I found a lot of takers, but I had to do little probate chores for the sellers to get the property out of deceased parents' names. It's not rocket science, and I get quite a few properties that way, including the parcel where I built my little house.


----------



## farmgal (Nov 12, 2005)

This post if from 2012 lol


----------



## FarmboyBill (Aug 19, 2005)

Simi, how many acres are you talking about


----------



## RichNC (Aug 22, 2014)

farmgal said:


> This post if from 2012 lol


New to the forum and all four posts are in support of BillyLand, I would guess it is someone from the actual company!!


----------



## cindilu (Jan 27, 2008)

No, I was asking about property clear back in 2012 when I was looking.

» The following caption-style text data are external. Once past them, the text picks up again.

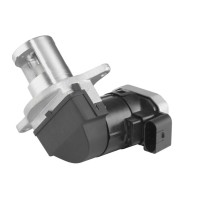 EGR VALVE BorgWarner 7353D/1 OE Ref 6461400860 BorgWarner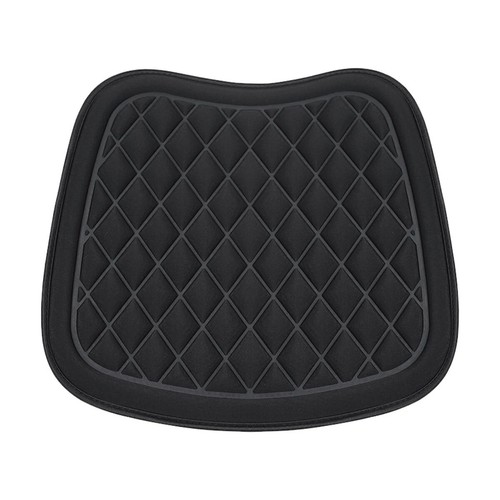 Cover car seat cushion - cover,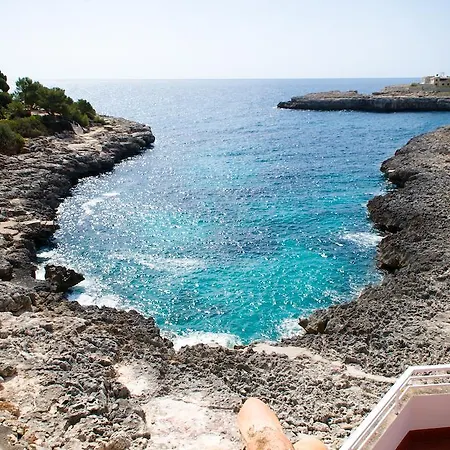 Hotel Portomar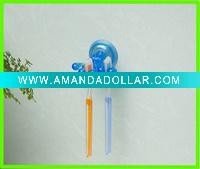tooth brush holder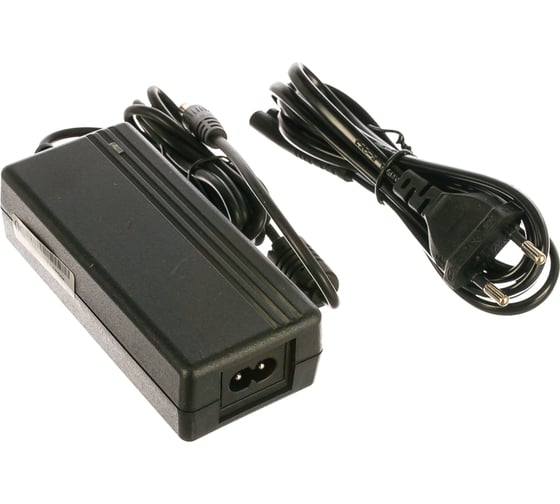Блок питания Elektrostandard LST, 3A, a029376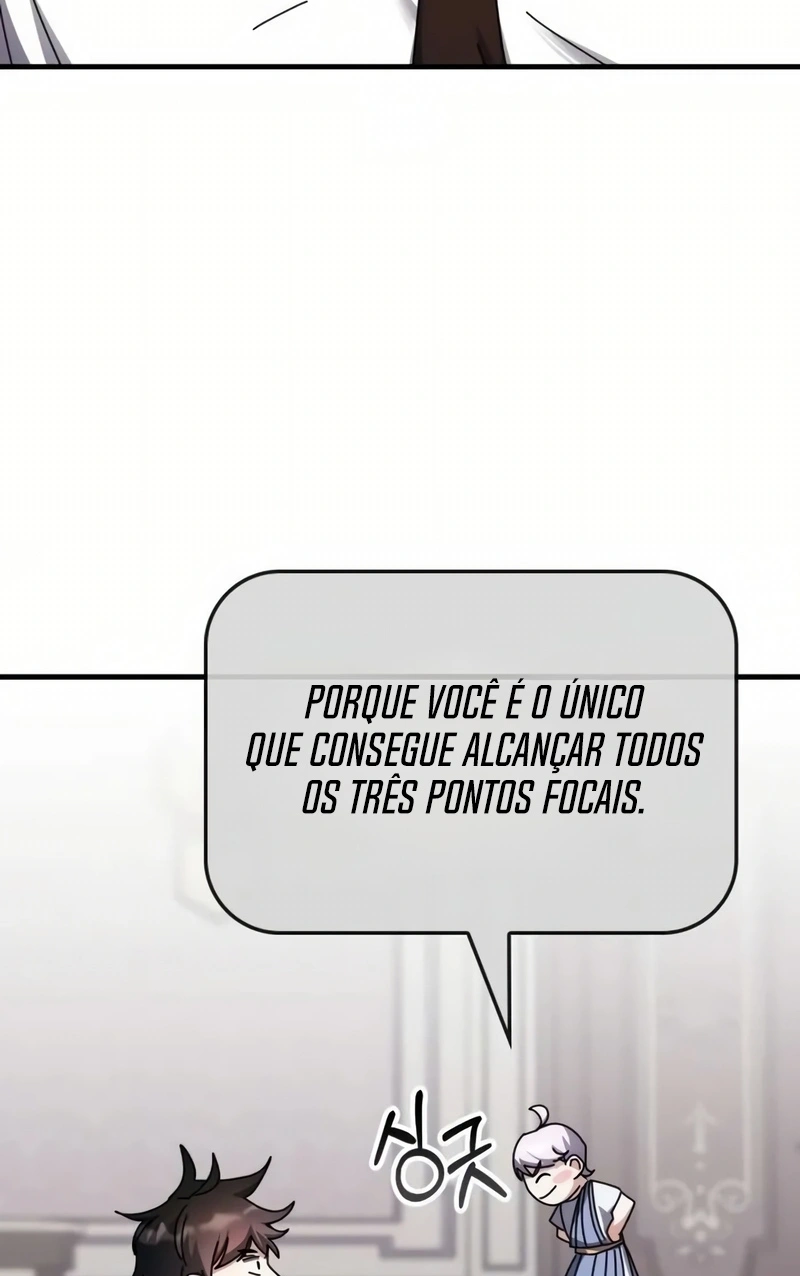 Academia da Transcendência Capitulo 117 Pagina 95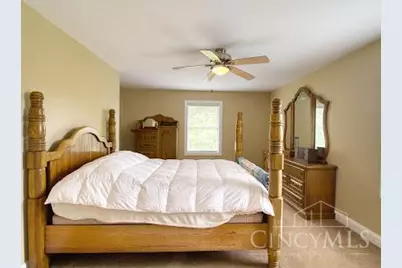 2211 Reeder Road, Blanchester, OH 45107 - Photo 24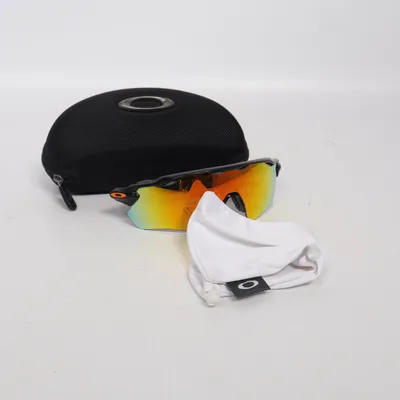 Sportglasögon (Radar® EV) från Oakley
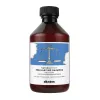 Davines Rebalancing Yağlı Saçlar İçin Sebum Dengeleyici Arındırıcı Şampuan 250ml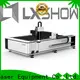 efficient laser cutter for metal factory price for packaging bottles 1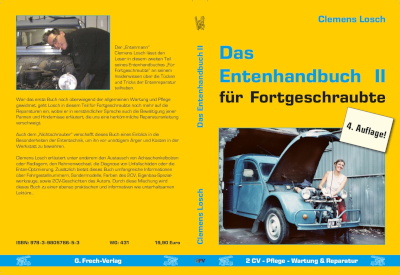 Das_Entenhandbuch_II_400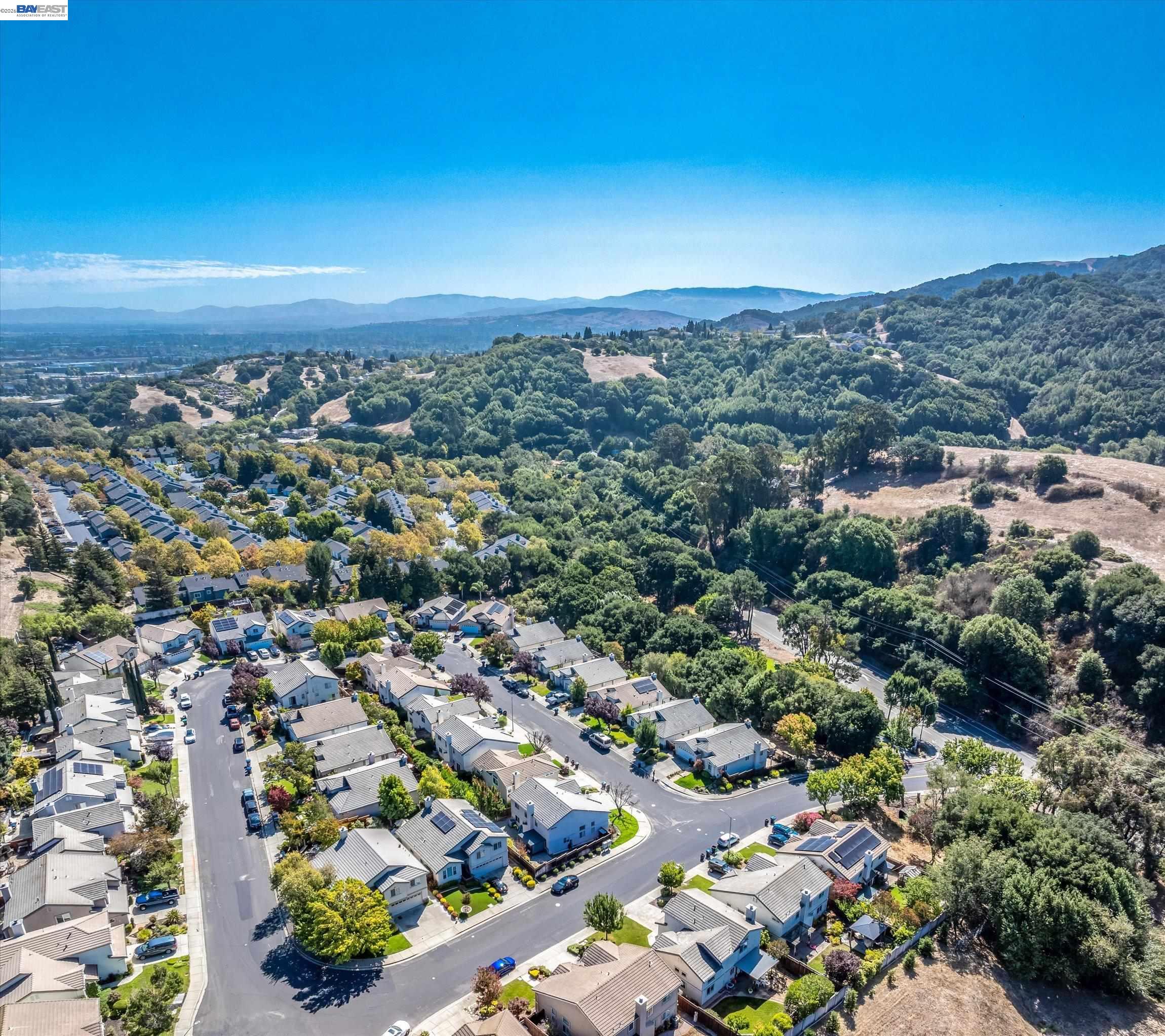 8039 Canyon Creek Cir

I have since then bought and paid for property and am at it every other weekend working away at making it build able. I just figured what the hay, it is helping someone else who is looking then great. I have my own little piece of dirt, with my own little cabin and now about 12 trees that I have planted. Getting there slowly.


----------



## jwal10 (Jun 5, 2010)

When do you figure on building/moving?

....James


----------



## cindilu (Jan 27, 2008)

James, every other weekend I am bringing a load down. Load meaning plants and just stuff. My plans are to get it done little by little and be there for real by next year. In the mean time I am getting the yard space put together, getting trees, plants established and growing ahead of time. 

Building is going to happen starting in the spring... 

Here is what I have done so far... 

Starting point..


----------



## cindilu (Jan 27, 2008)

Here is the last inside picture that I took... 










Believe it or not this is storage for me. It stores extra kitchen stuff, and has lofts for extra...


----------



## farmgal (Nov 12, 2005)

Oh it's adorable!!! Your place is coming along! Congrats !


----------